When I got out, I immediately returned to my Evangelical church.

It was a source of constant reassurance that I would never be enough. Lest I dare forget, my sins were ever before me and held up on Sunday mornings as proof of my depravity and utter need for their Jesus. I was not a virgin. I love LGBTQ identified individuals and believe they are human and have as much right to access God and the government as anyone else. I feel and believe the same things about women and dare to imagine I just might have value outside of my reproductive capacities.

When I left the Evangelical church 6 years ago, I was fleeing for my life! I was desperate to get out and build a new life and a new faith for myself. And I did. I began living in accordance with my values rather than theirs. And I am happy.

But I still look back on my time among Evangelicals with longing. I mourn something of the faith I rejected. While life was awesome and terrible as an Evangelical, it was also simple. Everything was black and white; good or bad. No shades of gray; no ambiguities. I was a good person because I followed the rules. I prayed for your soul because you didn't follow the rules, you couldn't be a good person.

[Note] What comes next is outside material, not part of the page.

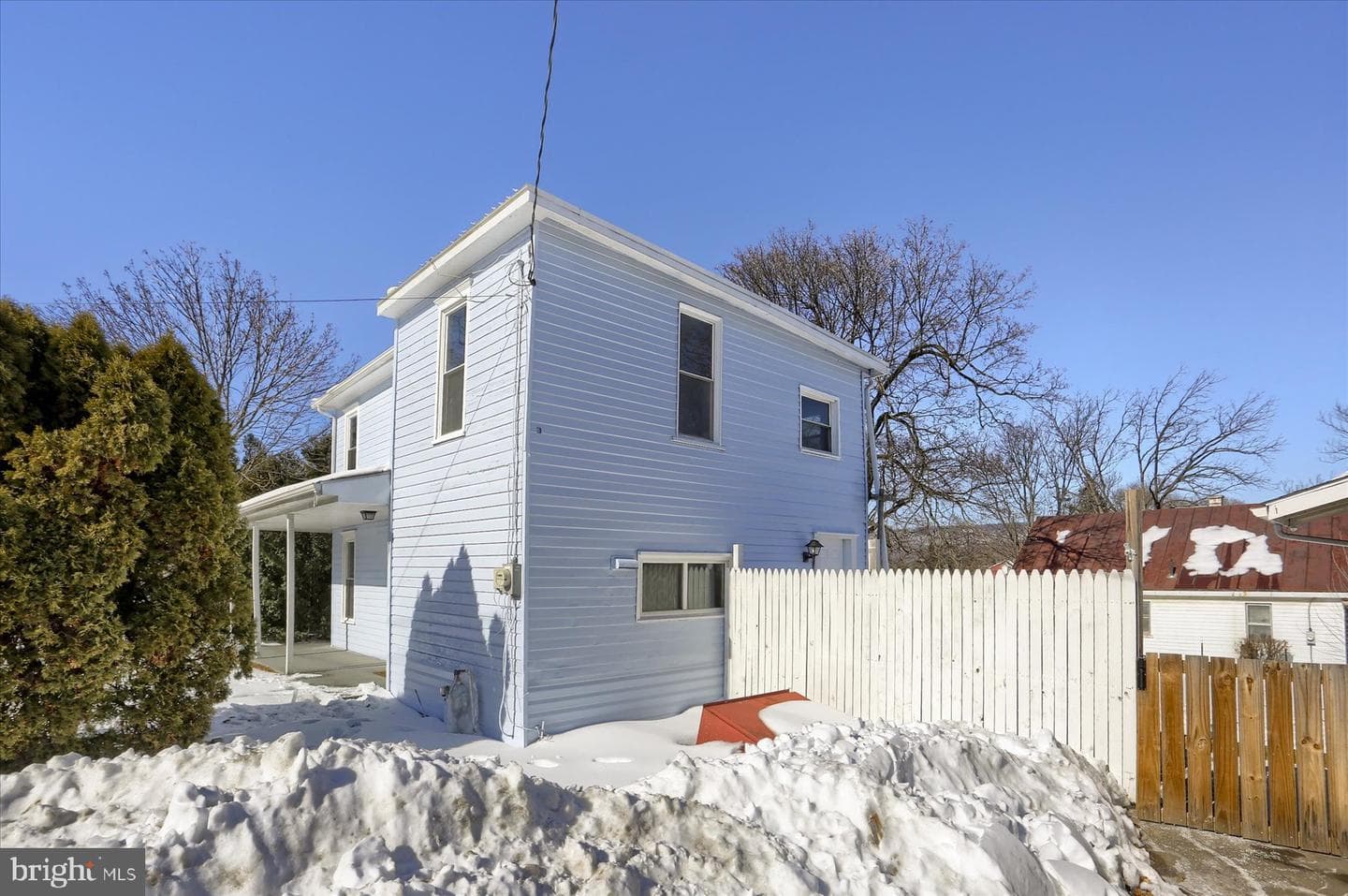 801 N Mountain Road photo 6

I am ashamed that I miss anything from that tradition. I feel like a victim of domestic violence who looks back on her relationship wistfully because every once in a while, he was so sweet and I hoped that moment would last forever; I knew that moment would last forever if I were just good enough.

I still want to be (maybe not perfect, so much but surely) a good person. Figuring out what that means, now, is much harder and far more personal. There is a greater chance of messing it up.

Recently, in a moment of needing to connect again with some of the brainier Christians I knew from that time, I attended a bible study. The leader shared with us her frustration as a mother with a "problematic" teenage daughter, though she didn't clarify what problems they were having. "I did everything right," she declared. "We were virgins when we got married, we attend church every week, we tithe!"

I had had sex with my boyfriend, with whom I live, just that morning. I know I have done nothing sinful in loving this man, but the judgment was there.

I am bad at being a Christian. I spent a decade of my life apologizing to Jesus for being so bad.

In many ways, I am not what a religious professional "should" be. But I no longer apologize to Jesus and I no longer confess my sins and seek a word of forgiveness from other Evangelicals.

Instead, I find myself apologizing to the unchurched, the agnostic, the "spiritual not religious." I find myself apologizing for taking them by surprise, for defying their expectations, for not being a better Christian. I find myself offering ironic apologies for not trying to bring them to God while never considering that I might be a bigger impediment on their life's journey - wherever it may take them - than their "sin" ever was or ever could be.